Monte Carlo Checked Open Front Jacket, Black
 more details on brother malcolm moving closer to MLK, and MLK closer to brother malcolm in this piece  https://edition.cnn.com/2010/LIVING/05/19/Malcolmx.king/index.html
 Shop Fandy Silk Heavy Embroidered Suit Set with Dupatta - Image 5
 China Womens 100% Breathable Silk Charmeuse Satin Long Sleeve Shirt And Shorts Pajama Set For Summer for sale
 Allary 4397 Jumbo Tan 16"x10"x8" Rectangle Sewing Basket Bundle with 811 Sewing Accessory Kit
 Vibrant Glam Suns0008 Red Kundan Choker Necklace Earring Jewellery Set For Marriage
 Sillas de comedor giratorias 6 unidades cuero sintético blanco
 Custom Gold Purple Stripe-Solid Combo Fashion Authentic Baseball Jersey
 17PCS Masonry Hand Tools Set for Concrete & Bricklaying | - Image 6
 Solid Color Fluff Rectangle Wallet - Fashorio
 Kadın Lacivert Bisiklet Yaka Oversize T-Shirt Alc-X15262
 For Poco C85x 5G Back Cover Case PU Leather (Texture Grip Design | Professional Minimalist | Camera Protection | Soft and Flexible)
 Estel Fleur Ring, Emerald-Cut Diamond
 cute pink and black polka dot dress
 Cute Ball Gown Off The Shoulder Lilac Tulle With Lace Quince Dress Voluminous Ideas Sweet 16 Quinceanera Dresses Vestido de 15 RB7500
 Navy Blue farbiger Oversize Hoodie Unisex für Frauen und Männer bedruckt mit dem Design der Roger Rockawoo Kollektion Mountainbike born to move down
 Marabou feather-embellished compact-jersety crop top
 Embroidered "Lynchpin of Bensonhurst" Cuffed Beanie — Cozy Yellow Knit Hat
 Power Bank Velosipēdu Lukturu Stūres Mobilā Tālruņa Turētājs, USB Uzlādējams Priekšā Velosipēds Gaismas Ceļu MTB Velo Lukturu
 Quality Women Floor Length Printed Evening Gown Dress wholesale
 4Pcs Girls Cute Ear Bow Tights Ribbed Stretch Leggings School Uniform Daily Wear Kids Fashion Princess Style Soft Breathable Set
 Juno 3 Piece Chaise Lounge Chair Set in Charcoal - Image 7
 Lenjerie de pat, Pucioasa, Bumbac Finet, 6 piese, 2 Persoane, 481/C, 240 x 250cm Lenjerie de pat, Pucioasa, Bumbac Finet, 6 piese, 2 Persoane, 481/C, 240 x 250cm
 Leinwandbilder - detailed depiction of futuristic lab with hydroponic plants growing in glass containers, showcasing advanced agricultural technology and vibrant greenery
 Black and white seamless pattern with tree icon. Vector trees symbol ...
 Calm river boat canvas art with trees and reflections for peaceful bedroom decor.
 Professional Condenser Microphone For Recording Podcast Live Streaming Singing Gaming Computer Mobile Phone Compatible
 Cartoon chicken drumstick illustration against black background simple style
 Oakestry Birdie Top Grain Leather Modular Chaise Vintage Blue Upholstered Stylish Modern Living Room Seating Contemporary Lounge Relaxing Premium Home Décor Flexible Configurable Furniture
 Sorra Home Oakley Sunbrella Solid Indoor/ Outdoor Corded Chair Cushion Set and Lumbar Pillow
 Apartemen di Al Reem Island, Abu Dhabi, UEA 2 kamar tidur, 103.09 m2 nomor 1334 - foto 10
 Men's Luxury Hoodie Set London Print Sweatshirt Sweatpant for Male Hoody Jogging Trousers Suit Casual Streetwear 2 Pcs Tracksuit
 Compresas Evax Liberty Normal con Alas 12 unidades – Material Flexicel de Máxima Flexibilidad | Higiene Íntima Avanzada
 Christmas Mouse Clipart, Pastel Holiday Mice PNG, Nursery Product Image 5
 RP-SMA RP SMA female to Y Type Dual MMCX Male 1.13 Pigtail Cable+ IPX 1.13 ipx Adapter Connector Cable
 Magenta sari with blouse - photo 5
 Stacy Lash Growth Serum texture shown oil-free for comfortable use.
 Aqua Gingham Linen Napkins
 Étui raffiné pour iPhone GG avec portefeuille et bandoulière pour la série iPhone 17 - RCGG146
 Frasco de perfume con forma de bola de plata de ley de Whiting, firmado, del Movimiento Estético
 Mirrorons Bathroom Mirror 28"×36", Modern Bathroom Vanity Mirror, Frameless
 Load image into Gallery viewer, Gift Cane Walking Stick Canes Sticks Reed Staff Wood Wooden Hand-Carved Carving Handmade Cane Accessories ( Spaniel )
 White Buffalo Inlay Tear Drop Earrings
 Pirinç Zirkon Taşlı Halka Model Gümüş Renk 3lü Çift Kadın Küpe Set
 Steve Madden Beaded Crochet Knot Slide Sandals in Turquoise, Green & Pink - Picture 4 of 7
——
### [Exercise objective]
All that is needed is the exact run of lines above from the line containing "4Pcs Girls Cute" through the line containing "Apartemen di Al", both of them included.

### [Result]
 4Pcs Girls Cute Ear Bow Tights Ribbed Stretch Leggings School Uniform Daily Wear Kids Fashion Princess Style Soft Breathable Set
 Juno 3 Piece Chaise Lounge Chair Set in Charcoal - Image 7
 Lenjerie de pat, Pucioasa, Bumbac Finet, 6 piese, 2 Persoane, 481/C, 240 x 250cm Lenjerie de pat, Pucioasa, Bumbac Finet, 6 piese, 2 Persoane, 481/C, 240 x 250cm
 Leinwandbilder - detailed depiction of futuristic lab with hydroponic plants growing in glass containers, showcasing advanced agricultural technology and vibrant greenery
 Black and white seamless pattern with tree icon. Vector trees symbol ...
 Calm river boat canvas art with trees and reflections for peaceful bedroom decor.
 Professional Condenser Microphone For Recording Podcast Live Streaming Singing Gaming Computer Mobile Phone Compatible
 Cartoon chicken drumstick illustration against black background simple style
 Oakestry Birdie Top Grain Leather Modular Chaise Vintage Blue Upholstered Stylish Modern Living Room Seating Contemporary Lounge Relaxing Premium Home Décor Flexible Configurable Furniture
 Sorra Home Oakley Sunbrella Solid Indoor/ Outdoor Corded Chair Cushion Set and Lumbar Pillow
 Apartemen di Al Reem Island, Abu Dhabi, UEA 2 kamar tidur, 103.09 m2 nomor 1334 - foto 10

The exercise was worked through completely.